History of the Faculty of Humanities

A short faculty history since 1958, based on a book published in October.


Ossi Päärnilä (2008)

From “Glowing Spirit” to Information Strategies

Five Decades of Humanities in the University of Jyväskylä

Jyväskylä Studies in Humanities 106


In 1958, the Faculty of Philosophy was founded by the Government in the small College of Education in Jyväskylä, in order to increase the volume of teacher training, which in Jyväskylä had started as early as 1863. The Faculty was divided into two parts, educational and humanities, which later evolved into several different faculties. The College of Education had included a Finnish Department since 1936, but after 1958 the training of secondary school teachers, first in Finnish and Literature, History and Civics, German, Swedish and English started a rapid development towards a multidisciplinary university. In humanities, this happened in 1968, when the Faculty of Humanities was formally established.  
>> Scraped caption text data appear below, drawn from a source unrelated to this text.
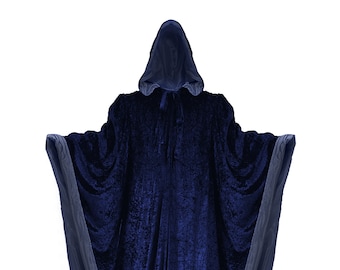 Wizard Robe Navy Blue with Hood and Sleeves, Halloween Party Costume for Adults,  Velvet Lined in BLUE Satin Cosplay, Witch, 64" Cloak GOT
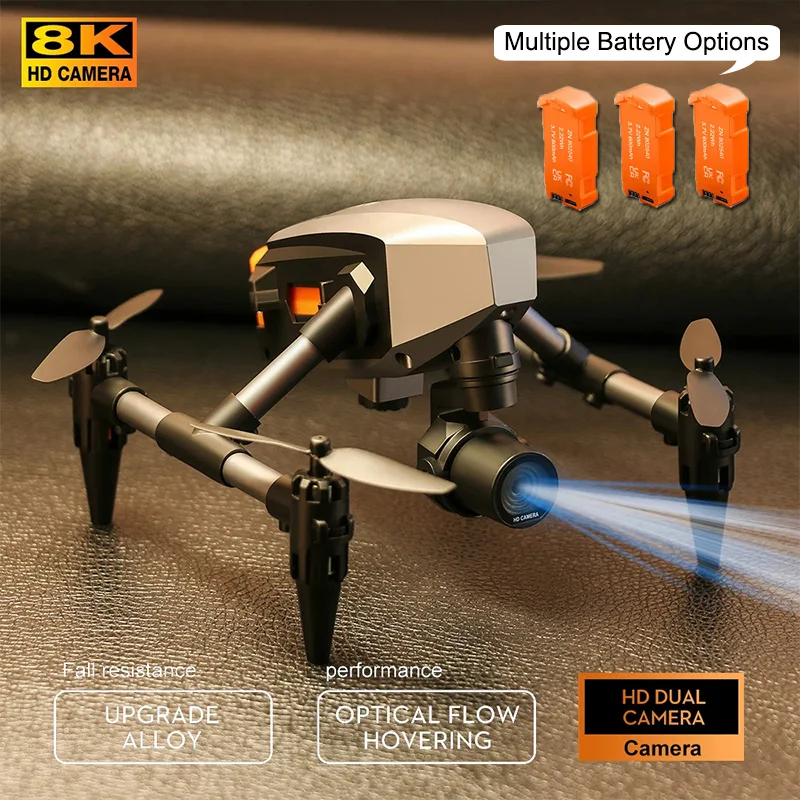 NM60146 Pro Mini Drone 4K 8K Dual Camera Wi-Fi Alloy Anti-Drop Optical Flow Positioning Quadcopter Remote Control Gift RC Toy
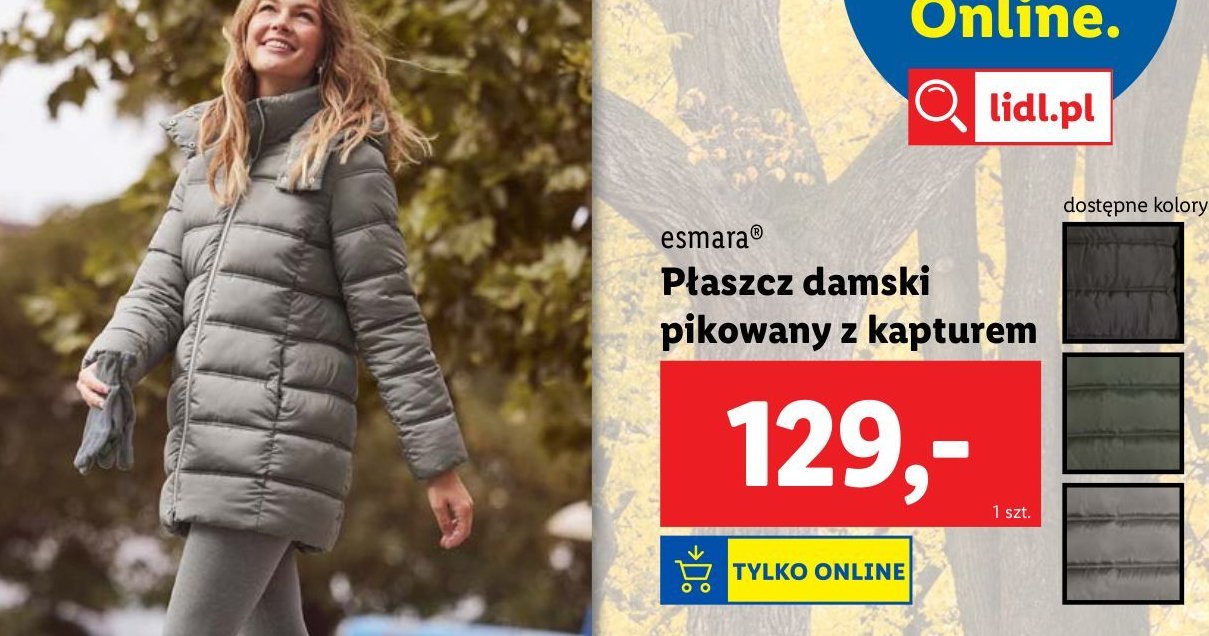 Płaszcz damski pikowany Esmara promocja w Lidl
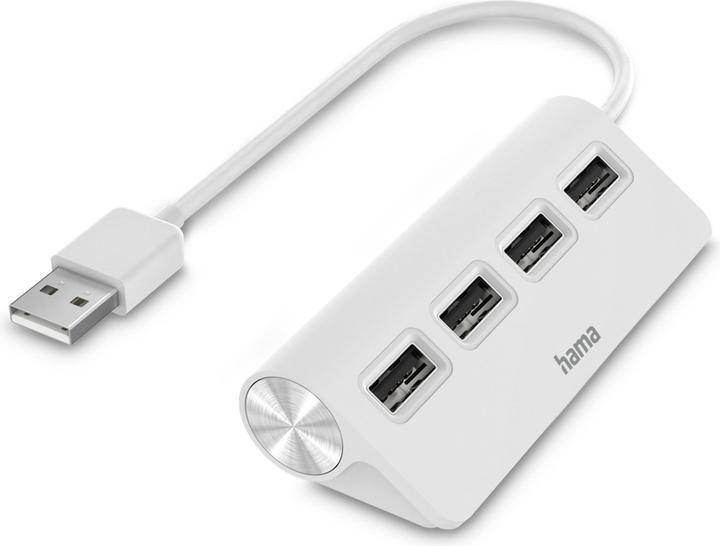 Hama USB-A hub, 4 ports, USB 2.0, 480 Mbit/s, white (USB-A, 4 Ports)
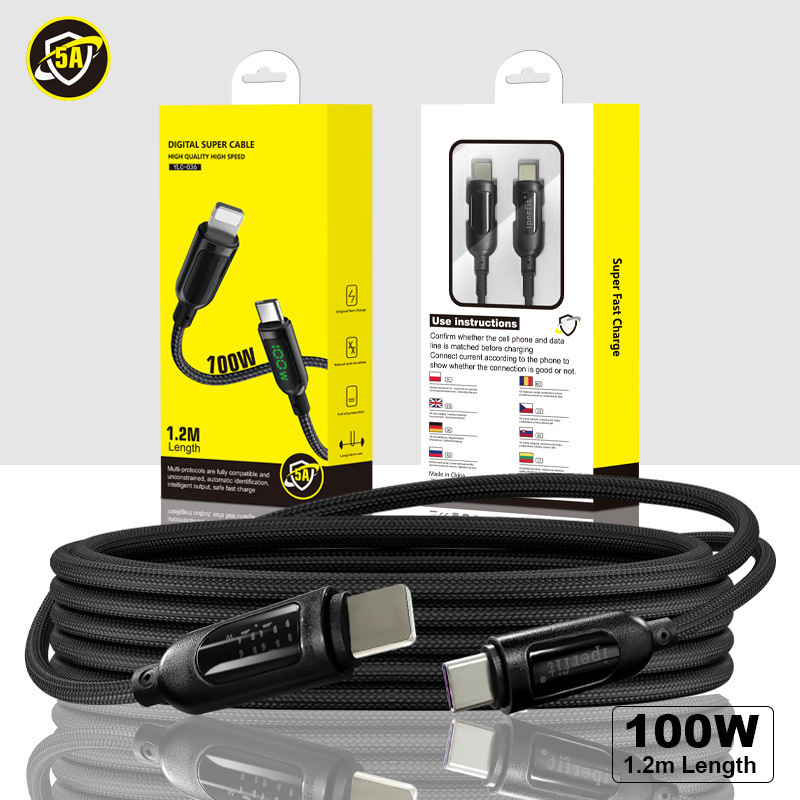 1.2m 100W Digital Display 8Pin Data Cable 5A Fast Charging Braided Cable for iPhone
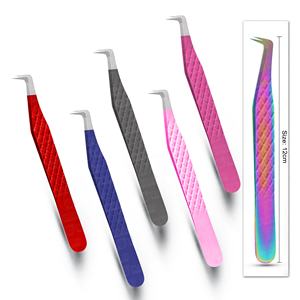 Pince à épiler d'extension de cils avec logo personnalisé Pointe dépoussiérée disponible toutes les couleurs Styles-Volume classique Pince à épiler Pointe pointue - Product Image 1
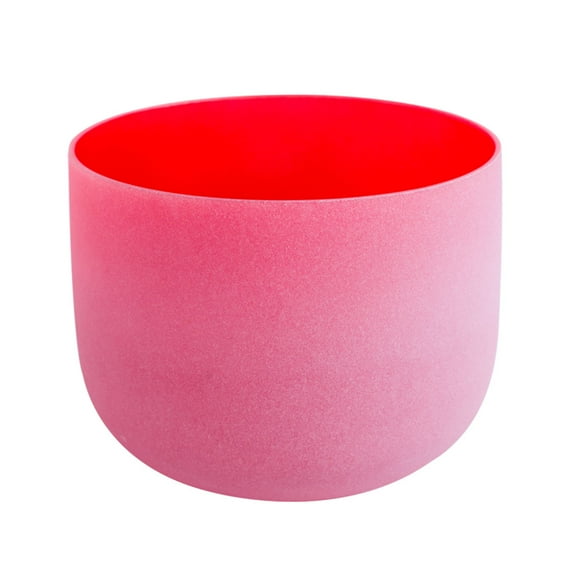 432 Hz C Root Chakra Red Color Quartz Frosted Crystal Singing Bowl 12 inch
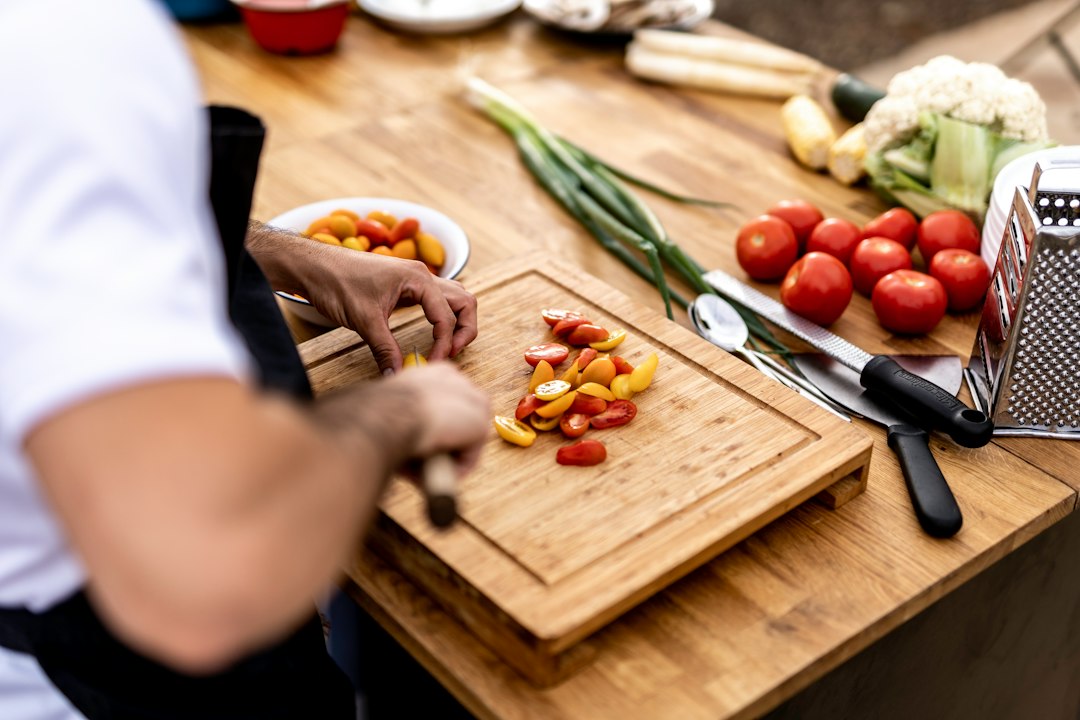 Illustrative stock photograph: preparing vegetables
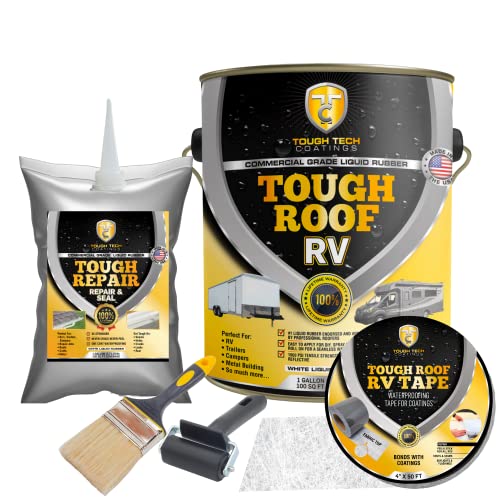 Tough Tech Coatings RV Roof Sealant and Coating Kit - Bonds to Any Surface - EPDM, TPO, Fiberglass, Aluminum, Metal - Butyl Tape Seals Seams, Vents, Skylights (KIT - 1G, 1, .5G Pouch, White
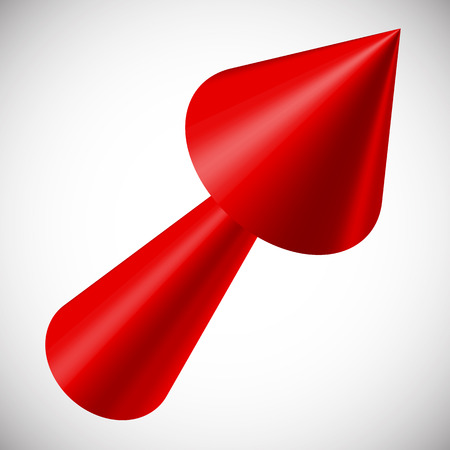 Red 3d arrow render on white. Vector.のイラスト素材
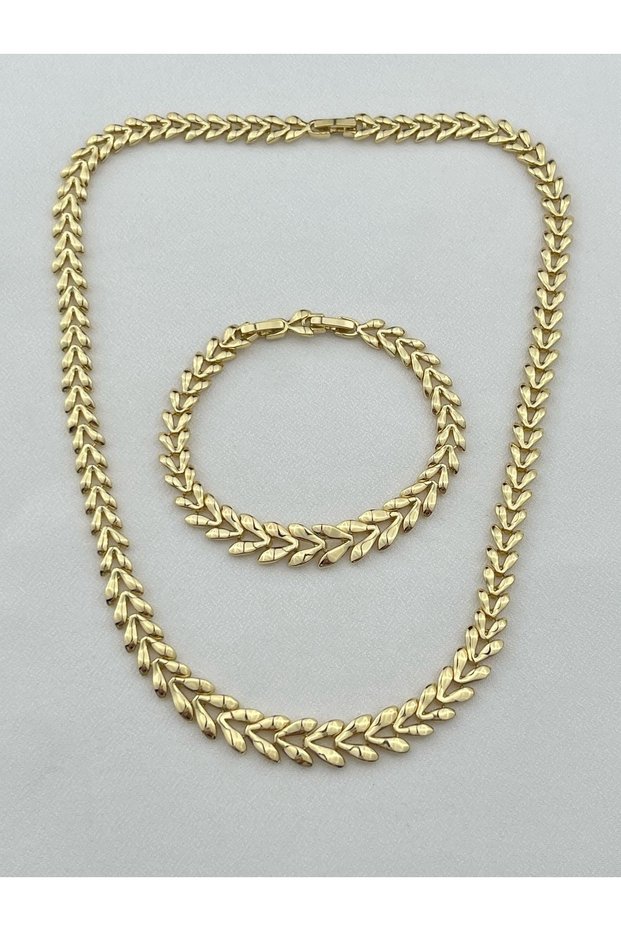 Xuping Jewelry Virgo Model Gold Necklace Bracelet Set (Virgo Leaf Model Gold Necklace Bracelet Set)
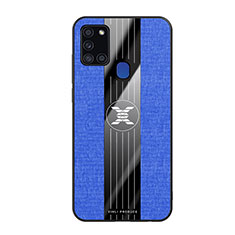 Silikon Hülle Handyhülle Ultra Dünn Flexible Schutzhülle Tasche X02L für Samsung Galaxy A21s Blau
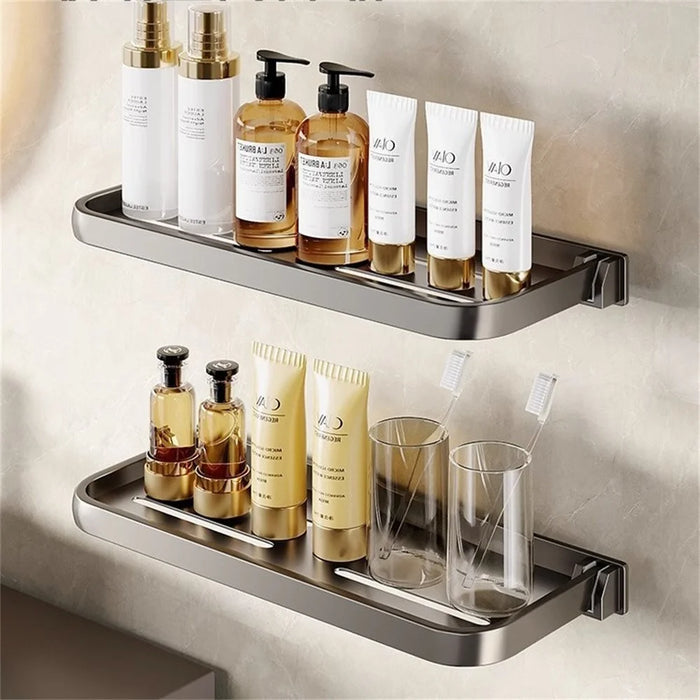 Folding Bathroom Shelf 50cm Wall Mounted Storage Rack Waterproof No Drill Washroom Display Holder - Tarnish - 2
      In 1960’s and 1970’s the Faculty received new professorships in Ethnology, Art History, Musicology, French, Latin, Russian and Art Education. The small unit of Speech Techniques transformed into the Department of Speech and Communication Sciences during the late 1970’s and 1980’s. The Department of Music started teacher training in 1982, and the Journalist training began in 1987 in the then new Department of Communication. During the 1990's the Faculty had a total of 13 departments, divided mainly according to disciples and their single main professorships. In 2002 they were united into five large departments; Languages, History and Ethnology, Arts, Music and Communication. The Research Center of Applied Linguistics remained as the sixth department.     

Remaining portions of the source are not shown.